Atendendo aos riscos identificados para o ambiente, os produtos não devem ser autorizados para utilização em instalações off-shore, salvo se for possível demonstrar que os riscos podem ser reduzidos para um nível aceitável.

3)

Atendendo aos riscos identificados para a saúde humana, os rótulos e as fichas de dados de segurança dos produtos autorizados para instalações off-shore devem indicar que as lamas de perfuração não devem conter C(M)IT/MIT (3:1) numa concentração que desencadeie a classificação como sensibilizantes cutâneos, salvo se puderem ser estabelecidos procedimentos operacionais seguros e medidas organizativas adequadas para os trabalhadores.

4)

Atendendo aos riscos identificados para o ambiente, os rótulos e as fichas de dados de segurança dos produtos autorizados para utilização em fábricas de papel devem indicar que é necessária uma diluição adequada das descargas industriais das instalações nos cursos de água após tratamento mecânico/químico ou após tratamento numa estação de tratamento de águas residuais, salvo se for possível demonstrar que os riscos podem ser reduzidos para um nível aceitável por outros meios.

A colocação no mercado de artigos tratados está sujeita à seguinte condição:

A pessoa responsável pela colocação no mercado de um artigo tratado com C(M)IT/MIT (3:1) ou em que tenha sido incorporada esta substância deve garantir que no rótulo desse artigo figuram as informações referidas no artigo 58.o, n.o 3, segundo parágrafo, do Regulamento (UE) n.o 528/2012.

13

A avaliação do produto deve ter especialmente em conta as exposições, os riscos e a eficácia associados a utilizações que o pedido de autorização preveja, mas que não tenham sido examinadas na avaliação dos riscos da substância ativa efetuada ao nível da União.

As autorizações dos produtos biocidas estão sujeitas às seguintes condições:

1)

Devem estabelecer-se procedimentos operacionais seguros e medidas organizativas adequadas para os utilizadores profissionais. Os produtos devem ser utilizados com equipamentos de proteção individual adequados, se não for possível reduzir a exposição para um nível aceitável por outros meios.

2)

Atendendo aos riscos identificados para os utilizadores profissionais, o carregamento dos produtos nos fluidos utilizados na transformação dos metais deve estar automatizado ou semiautomatizado, salvo se for possível demonstrar que os riscos podem ser reduzidos para um nível aceitável por outros meios.

3)

Atendendo aos riscos identificados para os utilizadores profissionais, os rótulos e, se forem fornecidas, as fichas de dados de segurança devem indicar que os produtos não devem ser utilizados em fluidos destinados à transformação dos metais numa concentração que desencadeie a classificação como sensibilizantes cutâneos, salvo se for possível demonstrar que os riscos podem ser reduzidos para um nível aceitável por outros meios.

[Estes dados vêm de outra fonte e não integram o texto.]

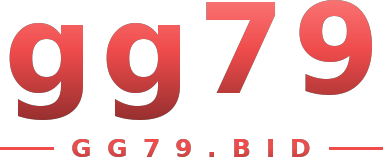 gg79 logo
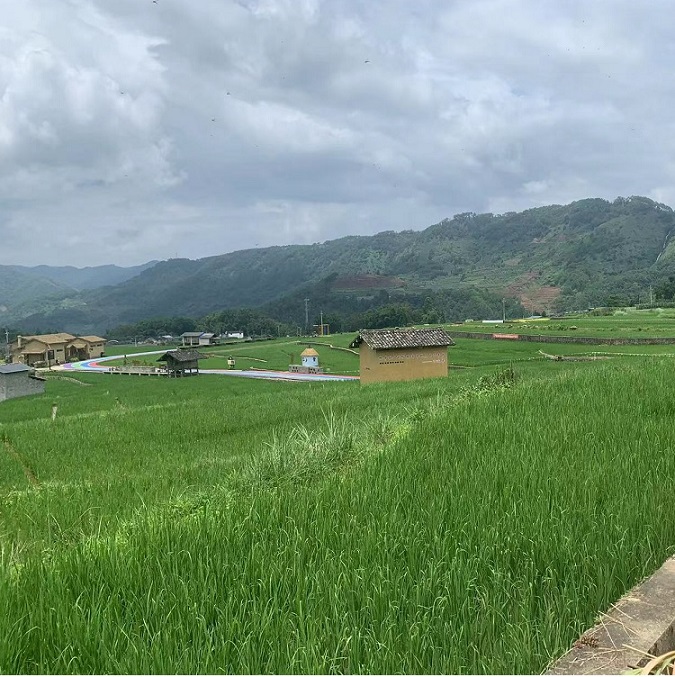 J9����-����վ����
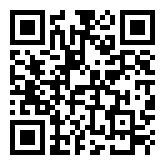 https://www.kingsmannews.com/read-1814.html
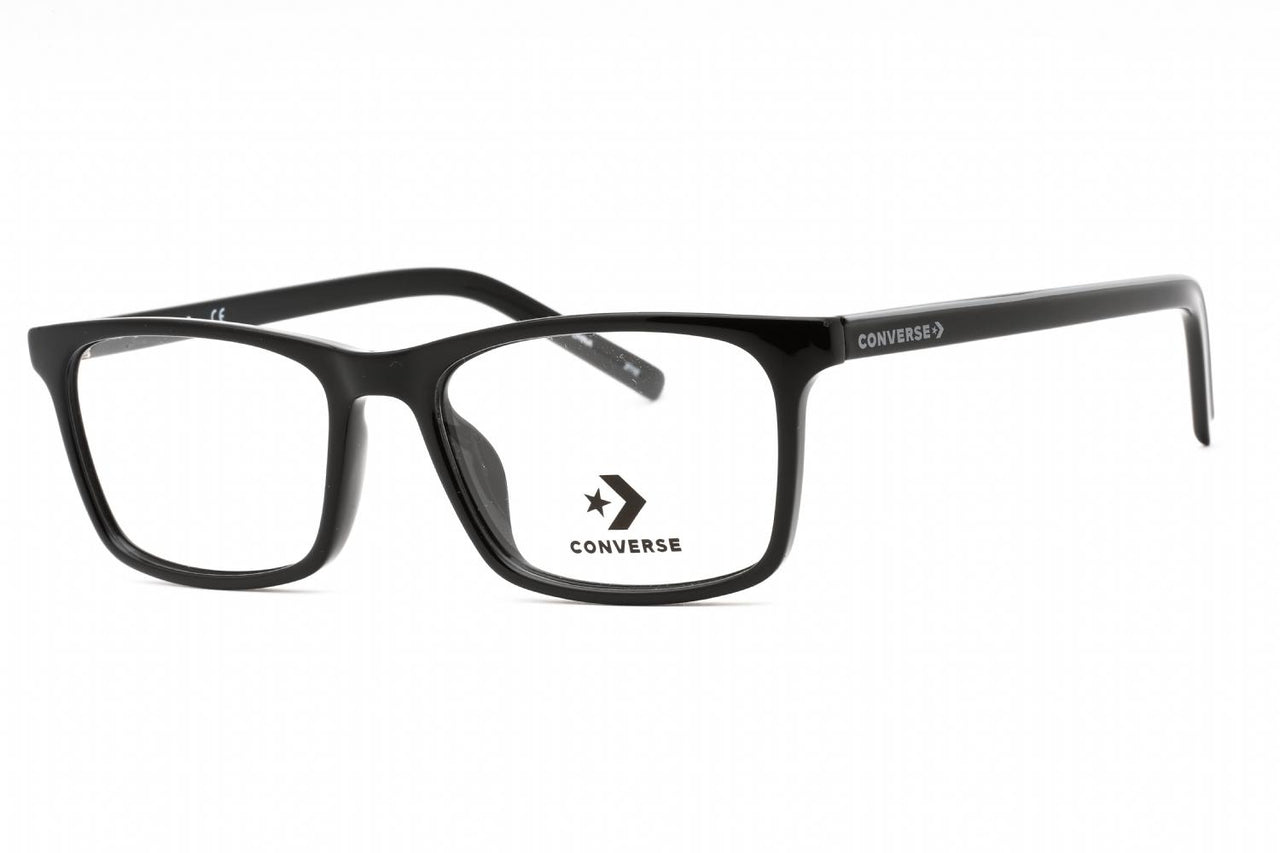 Converse CV5049 Eyeglasses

A colocação no mercado de artigos tratados está sujeita à seguinte condição:

A pessoa responsável pela colocação no mercado de um artigo tratado com C(M)IT/MIT (3:1) ou em que tenha sido incorporada esta substância deve garantir que no rótulo desse artigo figuram as informações referidas no artigo 58.o, n.o 3, segundo parágrafo, do Regulamento (UE) n.o 528/2012.


(1)  O grau de pureza indicado nesta coluna corresponde ao grau mínimo de pureza da substância ativa utilizada na avaliação ao abrigo do artigo 16.o, n.o 2, da Diretiva 98/8/CE. A substância ativa presente no produto colocado no mercado pode apresentar um grau de pureza igual ou diferente, desde que tenha sido comprovada como tecnicamente equivalente à substância avaliada.

(2)  Regulamento (CE) n.o 470/2009 do Parlamento Europeu e do Conselho, de 6 de maio de 2009, que prevê procedimentos comunitários para o estabelecimento de limites máximos de resíduos de substâncias farmacologicamente ativas nos alimentos de origem animal, que revoga o Regulamento (CEE) n.o 2377/90 do Conselho e que altera a Diretiva 2001/82/CE do Parlamento Europeu e do Conselho e o Regulamento (CE) n.o 726/2004 do Parlamento Europeu e do Conselho (JO L 152 de 16.6.2009, p. 11).

(3)  Regulamento (CE) n.o 396/2005 do Parlamento Europeu e do Conselho, de 23 de fevereiro de 2005, relativo aos limites máximos de resíduos de pesticidas no interior e à superfície dos géneros alimentícios e dos alimentos para animais, de origem vegetal ou animal, e que altera a Diretiva 91/414/CEE do Conselho (JO L 70 de 16.3.2005, p. 1).